“We smell with our mind. Your mood affects the way you smell. The French verb sentir, ‘to smell’, also means ‘to feel’. Smells change our moods. It’s no good if you’re tired. You must be intellectually fresh,” said the late International Flavors & Fragrances perfumer Bernard Chant.
Chant was the creator of Clinique Aromatics Elixir, Estee Lauder Azuree, Parfums Gres Cabochard, Ralph Lauren Lauren, Aramis, and many other perfume classics. I love this quote, because it applies equally well to the professional perfumers’ work and enjoyment of scents in general. Creating fragrances is about the imagination, the ability of the creator to capture an abstract idea–dew covered orchids, a walk along the beach, a childhood memory–in a drop of liquid. For this reason, some perfumers resent the term “nose,” which reduces their work to a mere technique.

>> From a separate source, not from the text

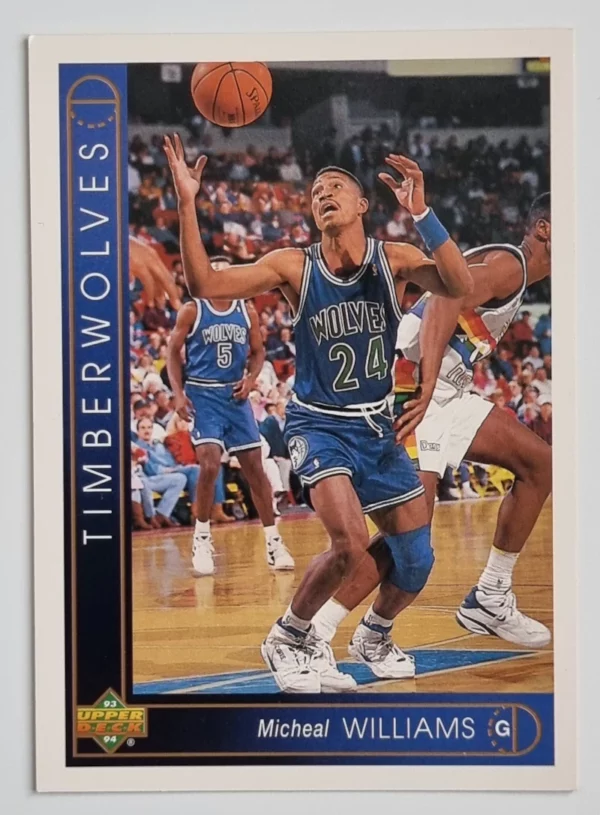1993-94 Upper Deck International French #123 Micheal Williams
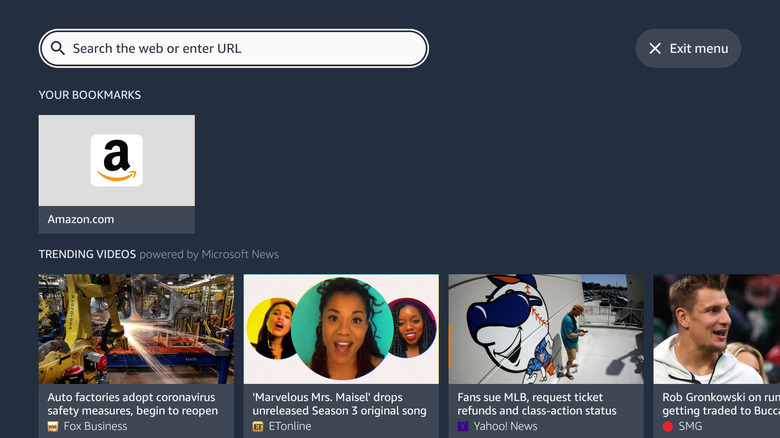 Amazon Silk's UI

When wearing perfume and enjoying aromas, the same holds true. Occasionally people complain about having an “untrained” nose or being unable to distinguish notes, but neither is essential to become a perfume lover. Your ability to derive pleasure from smelling has little to do with whether you can tell jasmine apart from ylang-ylang or whether you can detect if a perfume includes Iso E Super or cedarwood essence. Much more important is to smell with an open mind, to fantasize and to be receptive to new experiences. Does a perfume conjure up a specific memory or does it evoke an image? Does it intrigue, repulse, delight? What kind of person do you imagine wearing it? Do you feel butterflies in your stomach?
Photography by Bois de Jasmin
P.S. As for being intellectually fresh, the best time to smell is in the morning when both your mind and your nose aren’t yet saturated with too many sensory impressions.